*** Task data
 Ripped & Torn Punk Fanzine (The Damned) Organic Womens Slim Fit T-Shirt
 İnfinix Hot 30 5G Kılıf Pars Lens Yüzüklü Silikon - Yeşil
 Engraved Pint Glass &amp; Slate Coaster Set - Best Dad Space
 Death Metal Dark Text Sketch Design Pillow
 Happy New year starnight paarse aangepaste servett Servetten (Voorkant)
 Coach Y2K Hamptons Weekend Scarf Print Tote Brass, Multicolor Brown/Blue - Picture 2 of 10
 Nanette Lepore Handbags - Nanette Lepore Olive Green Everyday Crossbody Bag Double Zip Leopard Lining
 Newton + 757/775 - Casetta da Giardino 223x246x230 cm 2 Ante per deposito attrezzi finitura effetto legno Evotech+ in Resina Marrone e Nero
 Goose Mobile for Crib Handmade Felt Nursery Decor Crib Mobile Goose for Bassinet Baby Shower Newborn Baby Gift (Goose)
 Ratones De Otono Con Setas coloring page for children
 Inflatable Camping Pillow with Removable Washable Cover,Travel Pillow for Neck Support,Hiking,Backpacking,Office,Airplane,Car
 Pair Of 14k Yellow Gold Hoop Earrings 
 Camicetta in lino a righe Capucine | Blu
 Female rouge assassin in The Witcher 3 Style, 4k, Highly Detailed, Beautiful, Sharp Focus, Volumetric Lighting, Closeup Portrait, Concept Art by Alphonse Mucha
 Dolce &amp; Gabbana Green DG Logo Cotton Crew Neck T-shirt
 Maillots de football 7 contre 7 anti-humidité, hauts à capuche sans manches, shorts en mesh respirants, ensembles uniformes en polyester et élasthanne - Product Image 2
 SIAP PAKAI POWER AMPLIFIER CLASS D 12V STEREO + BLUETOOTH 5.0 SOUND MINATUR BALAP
******
• Exercise goal:
The line containing "Happy New year" marks the end: copy exactly every line from the top of the data above down to it, that line included.

• Result of this exercise:
 Ripped & Torn Punk Fanzine (The Damned) Organic Womens Slim Fit T-Shirt
 İnfinix Hot 30 5G Kılıf Pars Lens Yüzüklü Silikon - Yeşil
 Engraved Pint Glass &amp; Slate Coaster Set - Best Dad Space
 Death Metal Dark Text Sketch Design Pillow
 Happy New year starnight paarse aangepaste servett Servetten (Voorkant)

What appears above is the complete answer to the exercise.